The transference to the Isthmus of construction plant, consisting of steam shovels, locomotives, cars, pile-drivers, cranes, dredges, steamboats, barges, etc., etc.

The organization of a Commissariat Service for supplying the employees with all things necessary for their comfort and convenience.

The framing of a system of civil government for the Canal Zone, together with the establishment of courts, a police force, post offices, public works, fire stations, and suchlike civil machinery.

The increasing of the capacity of the existing railway system, by double tracking many sections of the Panama railroad, enlarging yards, and establishing communication with areas available as dumping grounds.

In short, for the purpose of carrying through the "big job" she had undertaken, America built on the Canal Zone a vast construction camp, capable of accommodating some 35,000 employees, together with the wives and families of a large proportion of the married men on the rolls; also equipped that camp, and organized for it a system of service and control calculated to make every employee a healthy, happy, loyal and efficient servant.

For the period of the "big job," the form of government devised for the Canal Zone by the democratic United States was autocratic. Owing to the acquisition by the United States of the Panama railroad, and the care, springing from a keen commercial instinct, which the American Government as boss of the "big job," took to see that its employees were well housed and properly fed, by itself housing them free and feeding them at "cost price," some people have called the Canal Zone system of government "socialism." That description of the method by which the Zone community was ruled is contradicted by the fact that the employees had no vote, no say in the way they should or should not be ruled.

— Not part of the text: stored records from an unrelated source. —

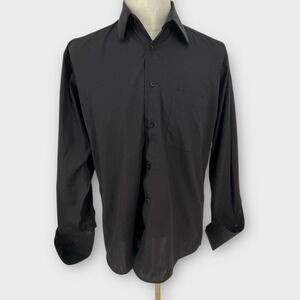 Prime Time Black Long Sleeve Button Down Dress Shirt Men Goth‎ Dark Academia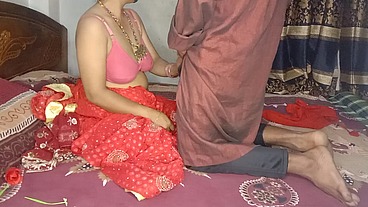 Newest threesome Desi My Husband Father First Night Fucked Doggystyle Best Newly Married Wife With Husband Father Night Blowjob and Hardcore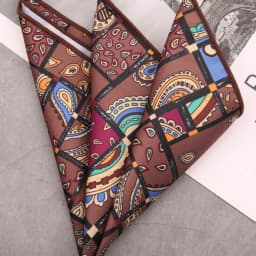 Men's Suit Pocket Square Hongkang Street Style Casual Chest Towel Brown Printed Handkerchief Formal Business Suit Accessories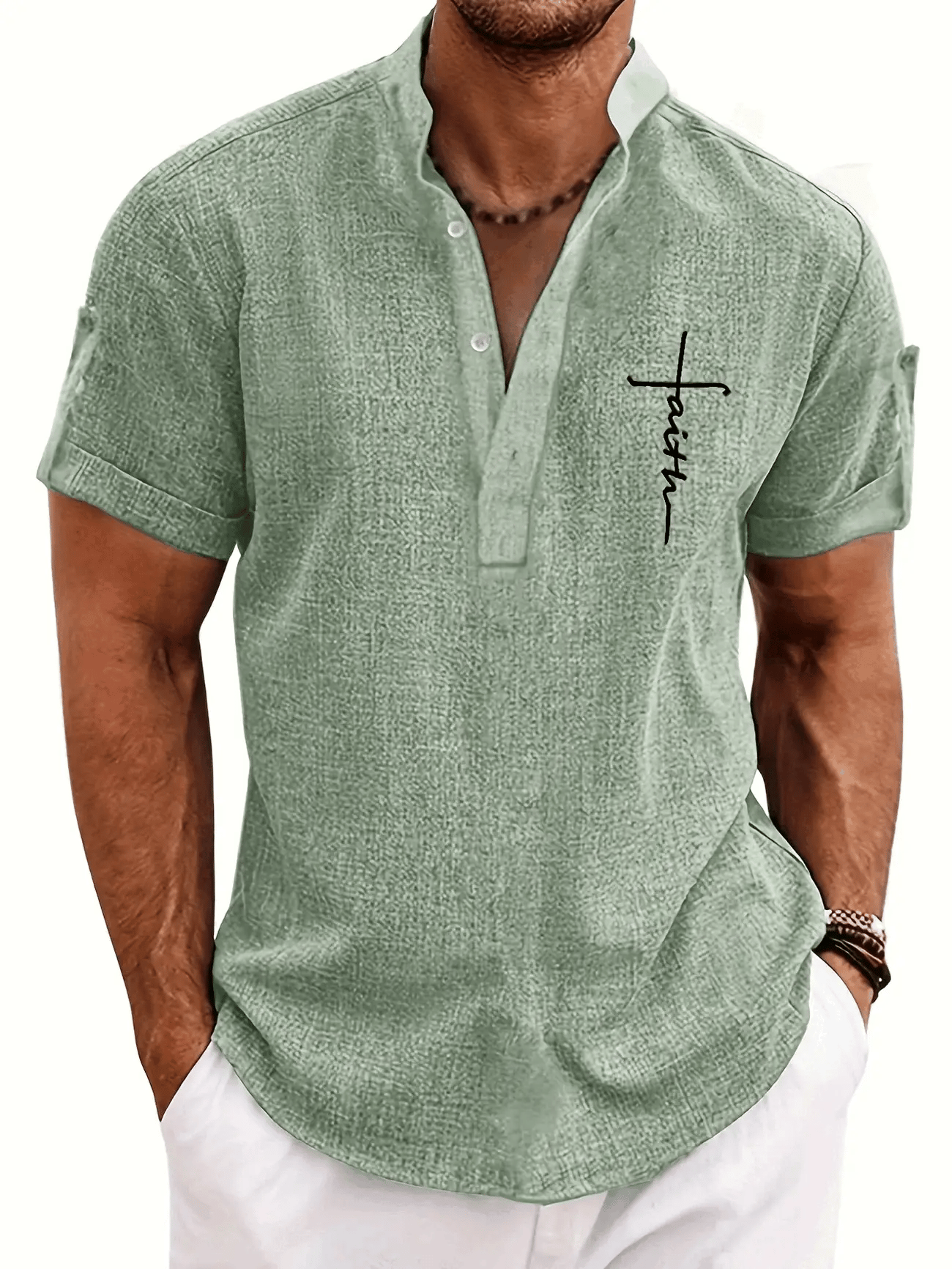 Unai | Elegante camisa de manga corta con cuello alto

Colonel George W. Goethals, the Chief Engineer of the Panama Canal, won distinction as an able and just autocrat, in addition to universal fame as a Master Engineer.

Colonel Gorgas, the popular Head of the Department of Sanitation, became world-famous as the man who transformed a death-trap region into a veritable health-resort.

Prominent among other men whose names must be put high on the Panama scroll of fame are Mr. Joseph Bucklin Bishop, Secretary of the Commission, and Dr. Claude C. Pierce, the Quarantine Officer at Colon, who was the first sanitary representative on the ground.